= TASK DIRECTIONS =
Only the words of the entries are wanted, repeated exactly and without images.

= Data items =
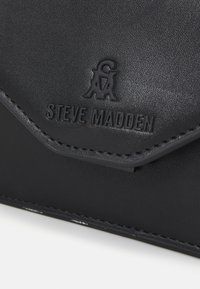 Clutch in ecopelle nera con logo "STEVE MADDEN" in rilievo, design con patta angolare e dettagli di cucitura a contrasto. Texture liscia.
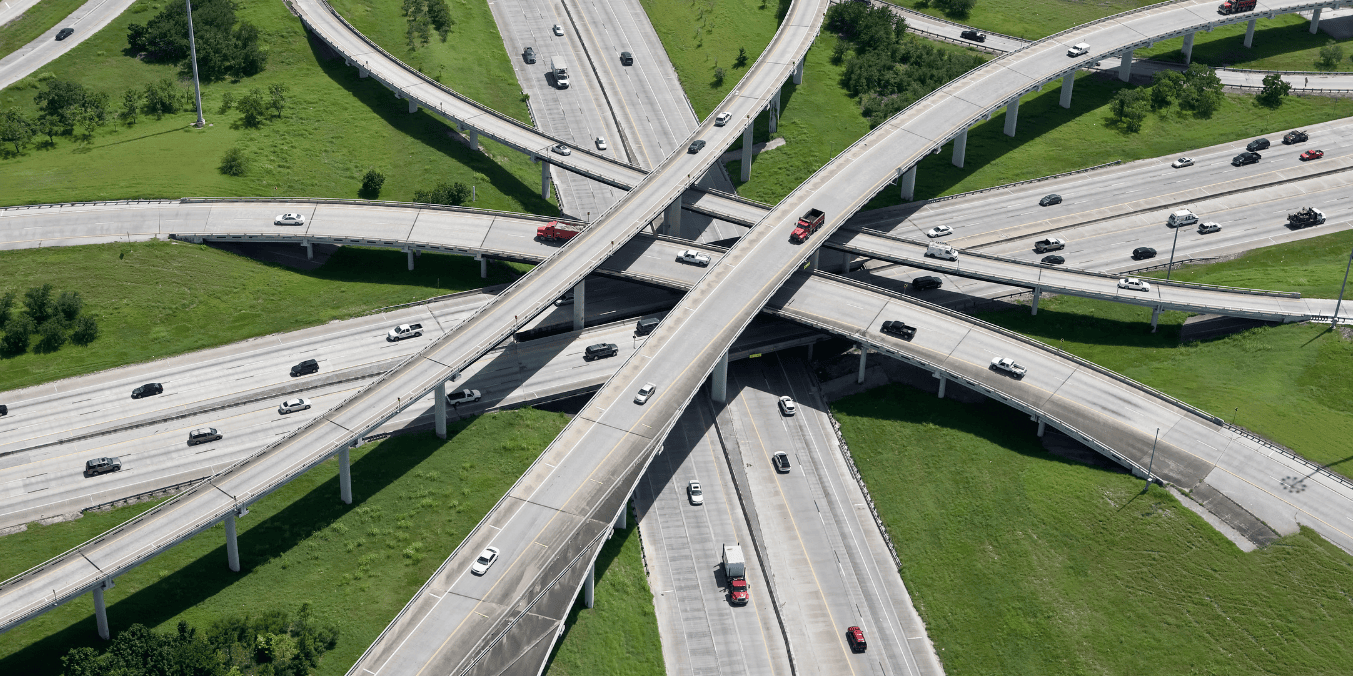 Aerial view of a multi-level highway interchange with cars moving in various directions, illustrating transportation and infrastructure when comparing living in Calgary vs Toronto.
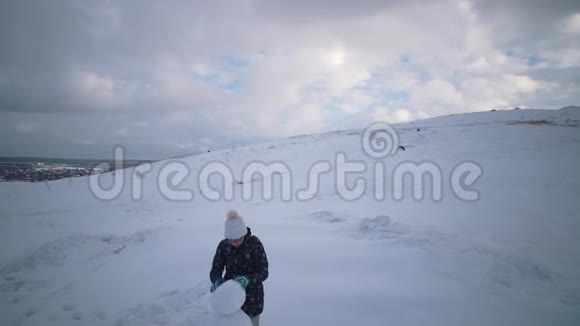 妇女和儿童一起在山上雕刻一个雪人视频的预览图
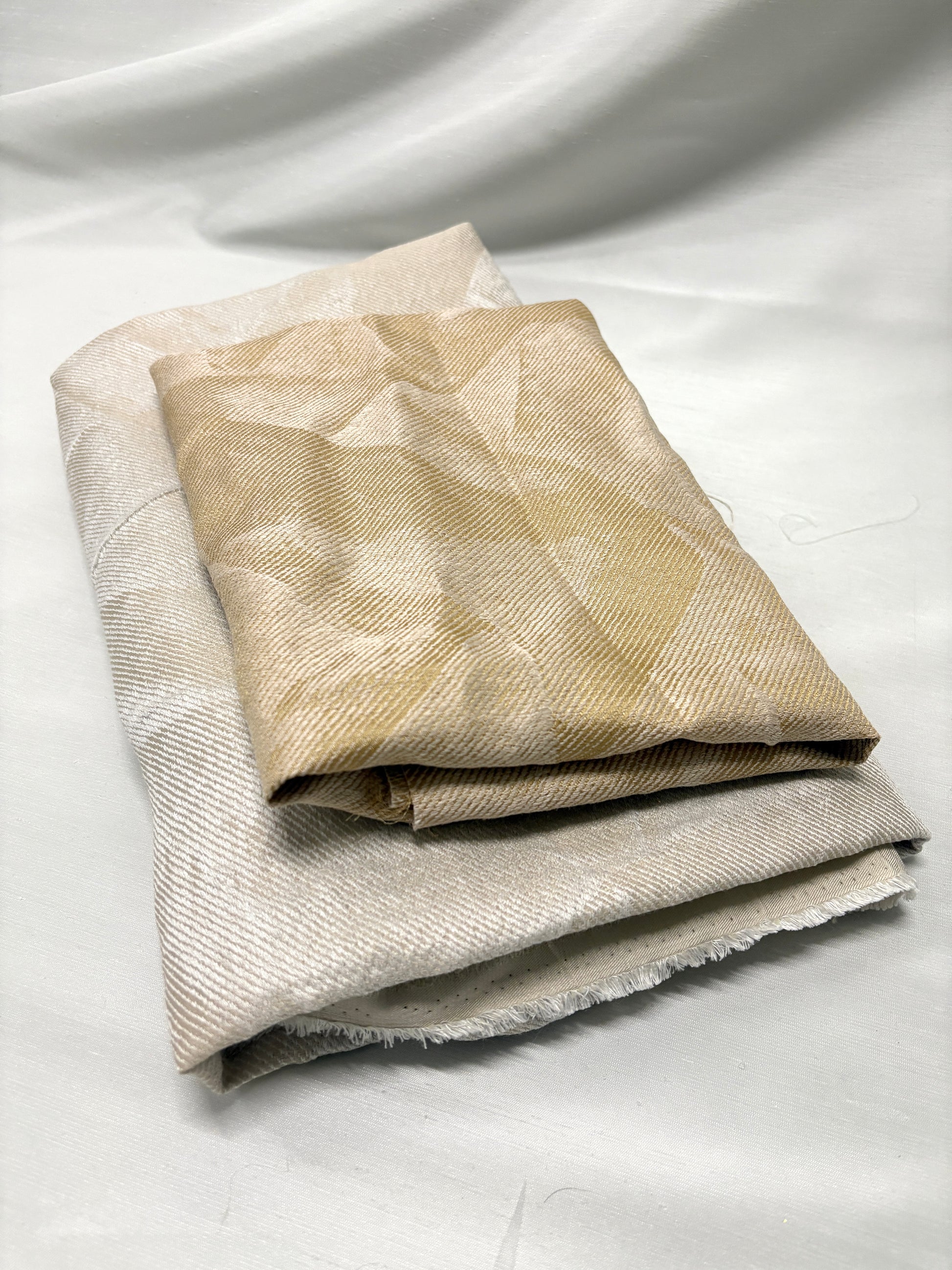 Folded neutral fabric pieces layered to show soft texture and subtle pattern.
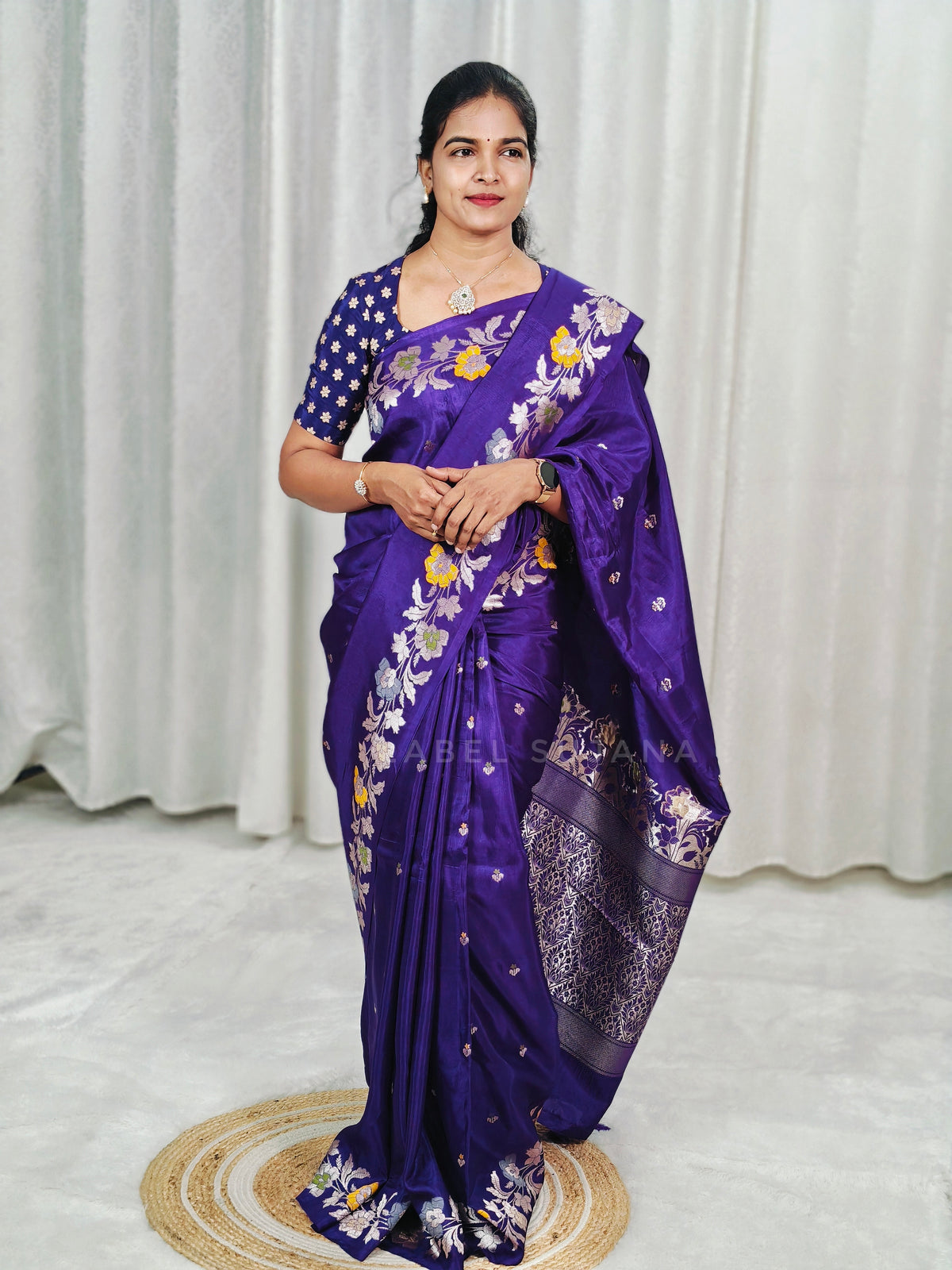 A woman wearing a purple silk saree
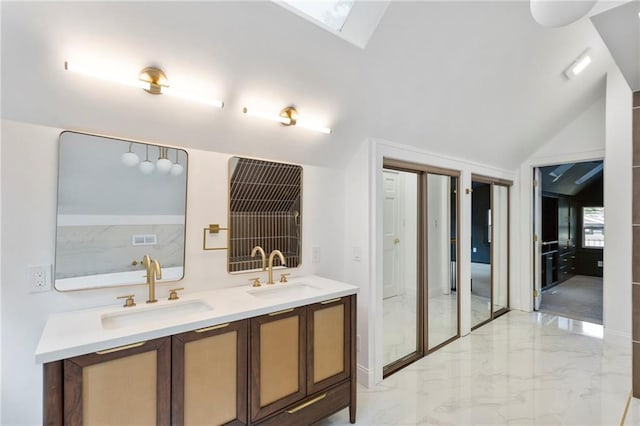 17 E 65th Ter, Kansas City, MO 64113 - bathroom featuring marble tiled flooring, a skylight, double vanity, and vaulted ceiling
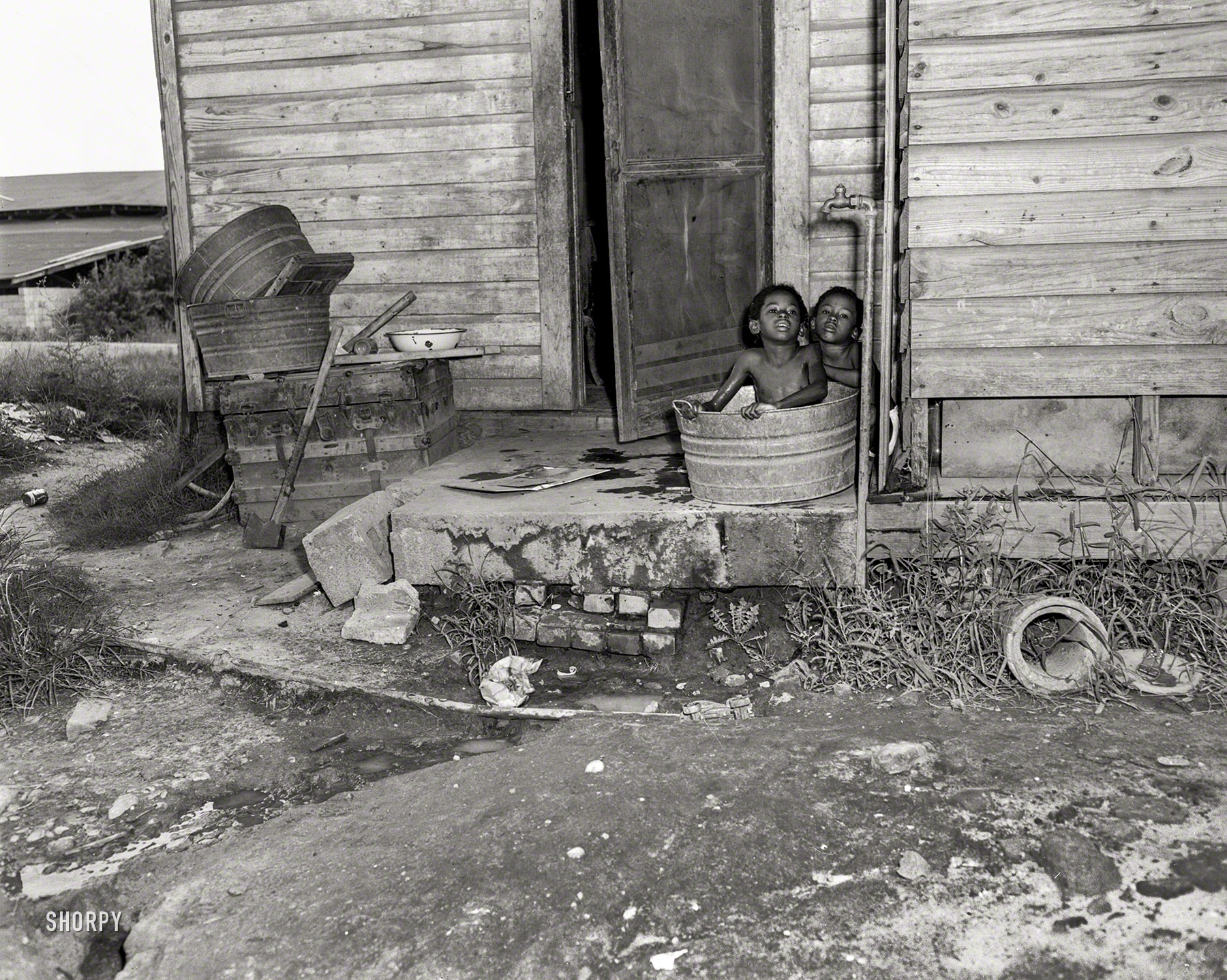 Columbus, Georgia, circa 1950, and another still from the "housing" series, showing the opposite of an en suite bath. 4x5 acetate negative. View full size.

= WRITTEN ANSWER =
 Clutch in ecopelle nera con logo "STEVE MADDEN" in rilievo, design con patta angolare e dettagli di cucitura a contrasto. Texture liscia.
 Aerial view of a multi-level highway interchange with cars moving in various directions, illustrating transportation and infrastructure when comparing living in Calgary vs Toronto.
 妇女和儿童一起在山上雕刻一个雪人视频的预览图
 Folded neutral fabric pieces layered to show soft texture and subtle pattern.
 A woman wearing a purple silk saree
 17 E 65th Ter, Kansas City, MO 64113 - bathroom featuring marble tiled flooring, a skylight, double vanity, and vaulted ceiling
 Columbus, Georgia, circa 1950, and another still from the "housing" series, showing the opposite of an en suite bath. 4x5 acetate negative. View full size.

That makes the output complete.